▶ **Required work**
Below is a listing with pictures in it; transcribe exactly the lines from the one that has "Bathroom boasts a" through the one that has "May include: Three", and omit those pictures.

BEGIN Data for this exercise

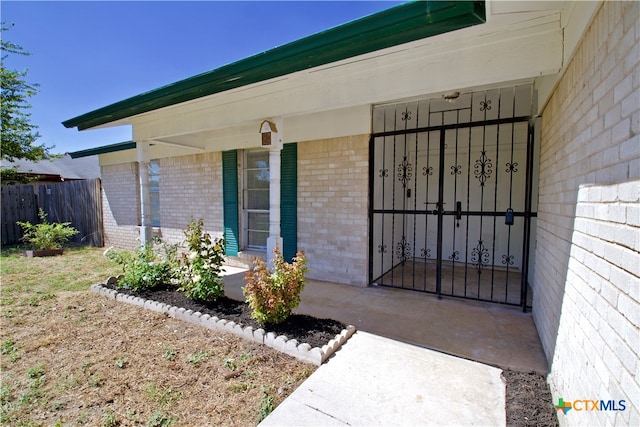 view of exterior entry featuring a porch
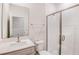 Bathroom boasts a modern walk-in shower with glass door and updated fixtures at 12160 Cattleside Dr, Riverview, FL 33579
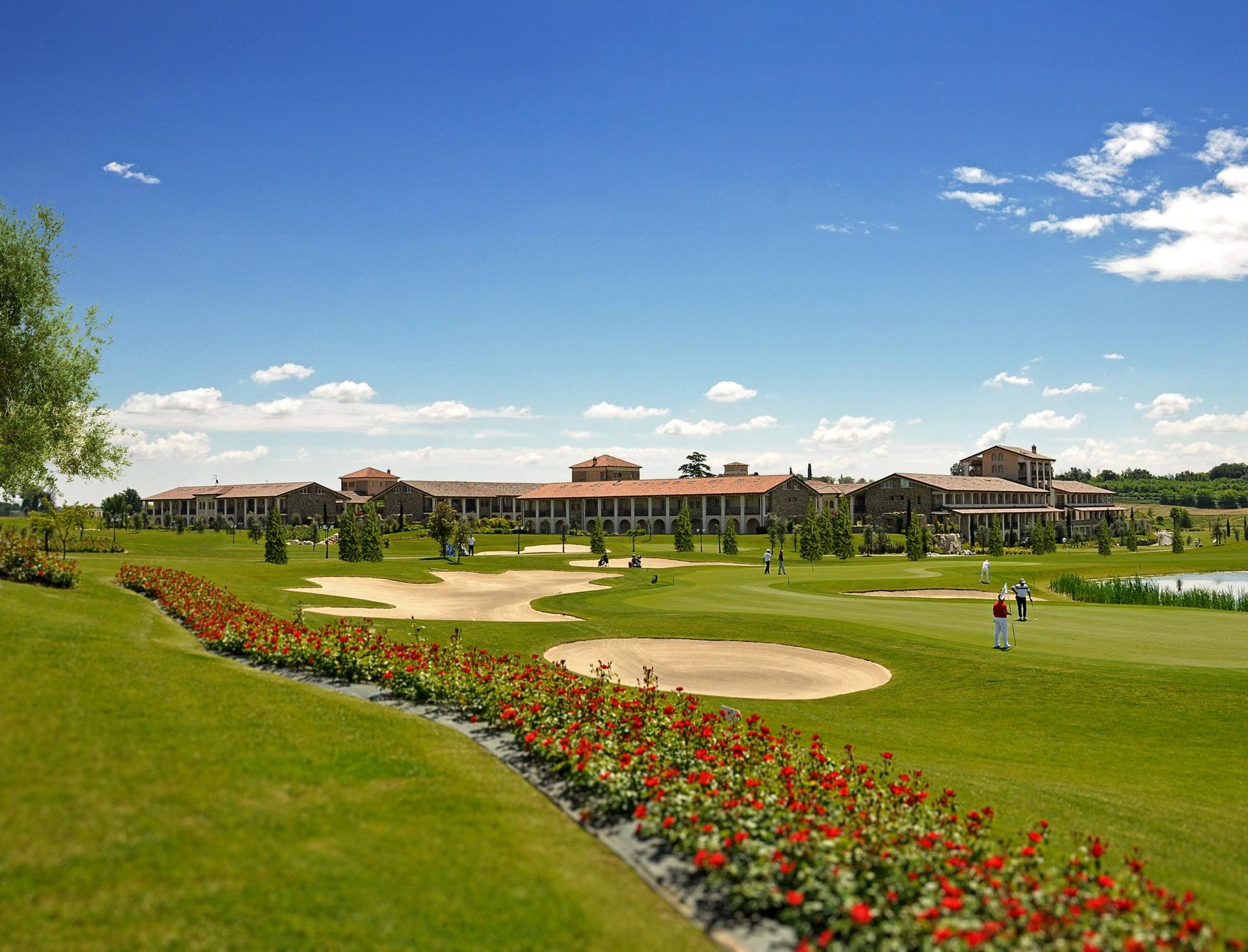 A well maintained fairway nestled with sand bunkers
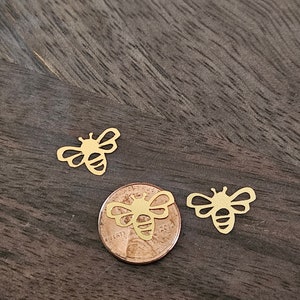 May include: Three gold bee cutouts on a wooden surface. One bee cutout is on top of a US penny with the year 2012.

END Data for this exercise
BEGIN Data for this exercise

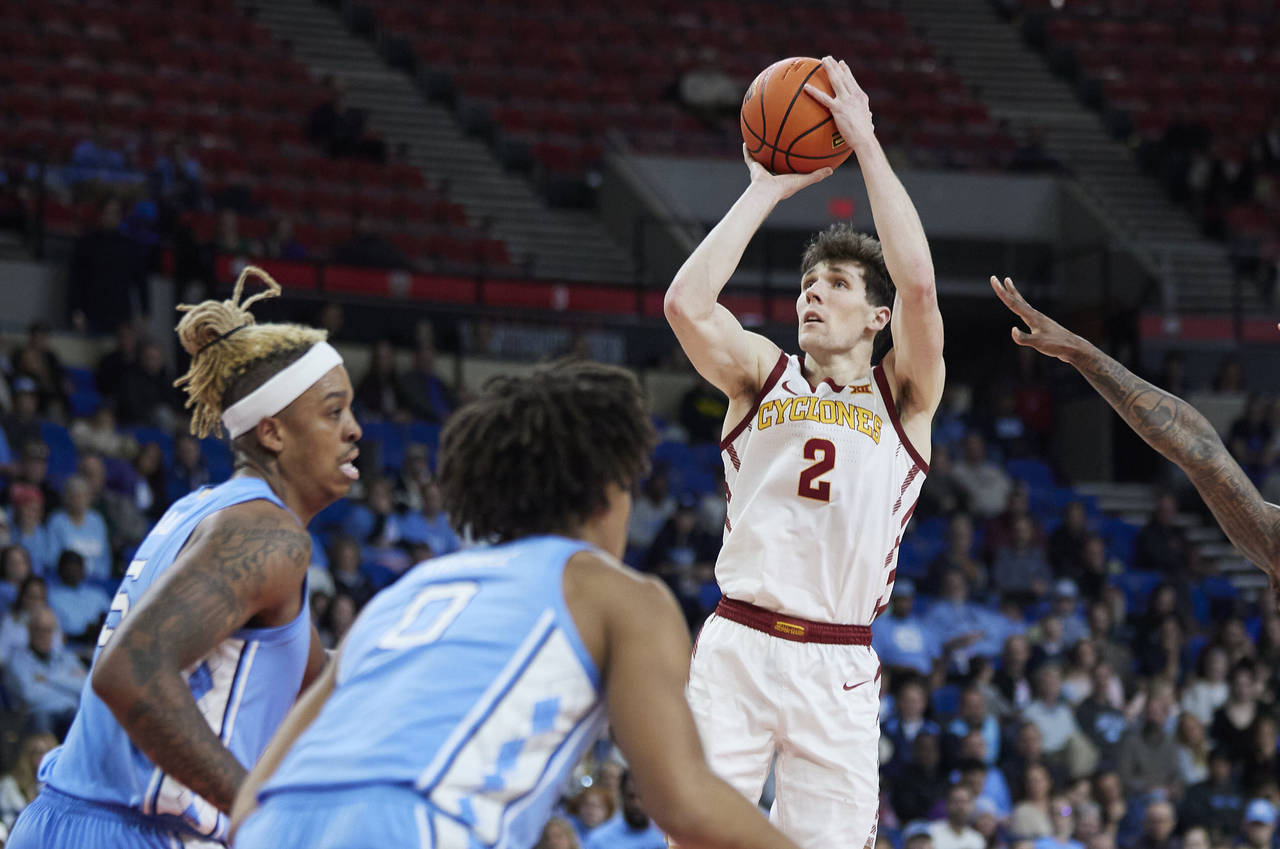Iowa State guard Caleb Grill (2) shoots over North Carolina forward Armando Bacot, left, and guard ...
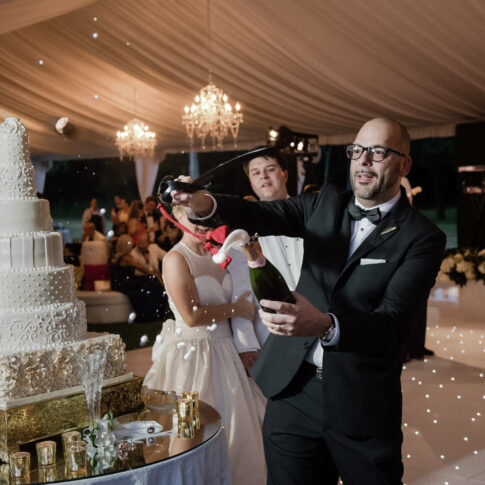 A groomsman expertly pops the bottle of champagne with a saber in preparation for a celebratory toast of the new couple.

END Data for this exercise
BEGIN Data for this exercise

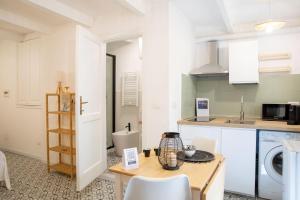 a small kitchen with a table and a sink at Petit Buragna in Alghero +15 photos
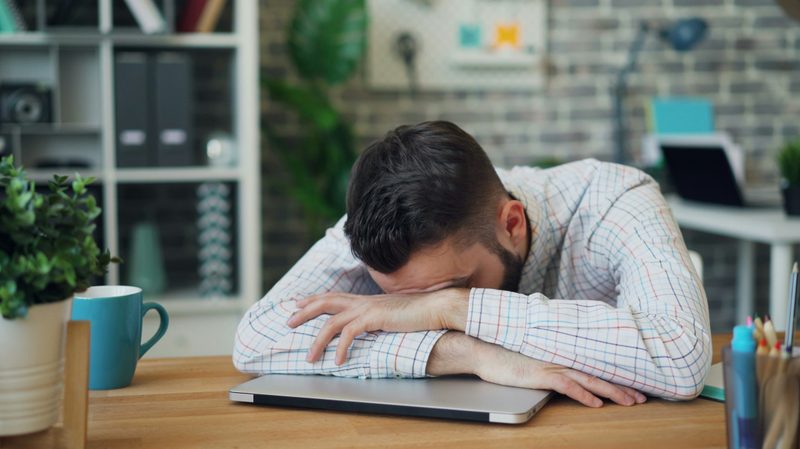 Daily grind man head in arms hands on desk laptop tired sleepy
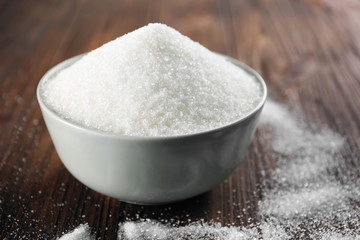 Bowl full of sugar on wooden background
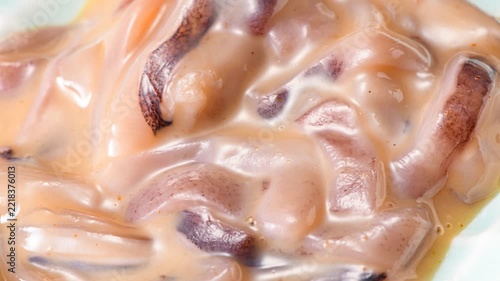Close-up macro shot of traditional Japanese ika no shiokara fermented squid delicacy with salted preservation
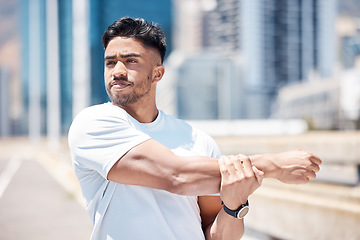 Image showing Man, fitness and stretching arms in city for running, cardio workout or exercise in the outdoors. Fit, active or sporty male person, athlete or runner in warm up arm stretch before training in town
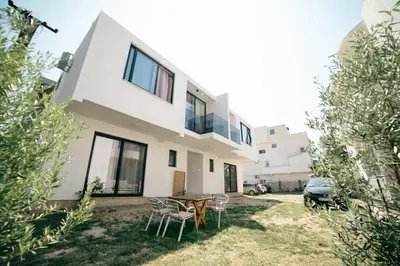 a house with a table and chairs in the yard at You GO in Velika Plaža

END Data for this exercise

▶ **Exercise solution**
 Bathroom boasts a modern walk-in shower with glass door and updated fixtures at 12160 Cattleside Dr, Riverview, FL 33579
 A well maintained fairway nestled with sand bunkers
 May include: Three gold bee cutouts on a wooden surface. One bee cutout is on top of a US penny with the year 2012.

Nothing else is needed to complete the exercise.